I've wondered that myself. The +32 % faith (on Immortal, according to this source: https://civilization.fandom.com/wiki/Difficulty_level_(Civ6)) and +40 % faith (on Diety) seems insufficient to explain the AI swarms of appostles, but I've never seen any exact math done to prove or disprove it. Obviously some civs like Russia and Ethiopia will be more prone to doing this, I have had games against Ethiopia where I simply had to DoW them and mass-kill their religious units.
Oh yeah, there's no befriending Ethiopia if you have founded a religion. Well, you can try to befriend them after you have gone into their territory and wiped their holy cities out. Best defense is offense and all that.

I don't think Religious Victory ever should have been a thing in Civ 6. It was a good tool for accomplishing other victories in 5, and should have been left there. As a victory condition, having to eliminate all other religions is so heavy-handed so as to basically guarantee all-out war. And unlike Domination, there is no distinction between friend and foe. Those alliances get abused.

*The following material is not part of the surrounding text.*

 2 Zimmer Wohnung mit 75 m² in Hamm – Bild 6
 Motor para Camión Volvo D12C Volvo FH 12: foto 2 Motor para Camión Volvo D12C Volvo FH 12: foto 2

And then in the late game, the AI usually just flat-out gives up on RV anyway.
 
I don't think Religious Victory ever should have been a thing in Civ 6.
It's a shame that even when you toggle it off in the game setup, the Civs you're playing against still spam religious units.
 
Well, for all the things we can blame the developers about Civ 6, I don't really think that is one of them. There was a pretty strong public voice calling for a religious victory back in the days of Civ 5, so ... :dunno:
A lot of fans have bad ideas, though, including this one. There might have been a less horrible way to implement a religious victory (though I certainly can't think of one), but the devs didn't find it. I certainly hope religious victory goes away in Civ7; let religion support other victory types, especially culture victory.
 
A lot of fans have bad ideas, though, including this one. There might have been a less horrible way to implement a religious victory (though I certainly can't think of one), but the devs didn't find it. I certainly hope religious victory goes away in Civ7; let religion support other victory types, especially culture victory.
I agree, I'm just saying, we sort of got what was asked for, even if the implementation was poor.
 
I agree, I'm just saying, we sort of got what was asked for, even if the implementation was poor.
Both statements are correct. Fans asked for it. It wasn't implemented well. In fact, I think it's safe to say it was half-baked. We had the Guru unit added later in the game's design. Not certain why, however it is clear the AI doesn't know what they are as it never employs them. Maybe that's the player's offset for not being able to spam the board with them.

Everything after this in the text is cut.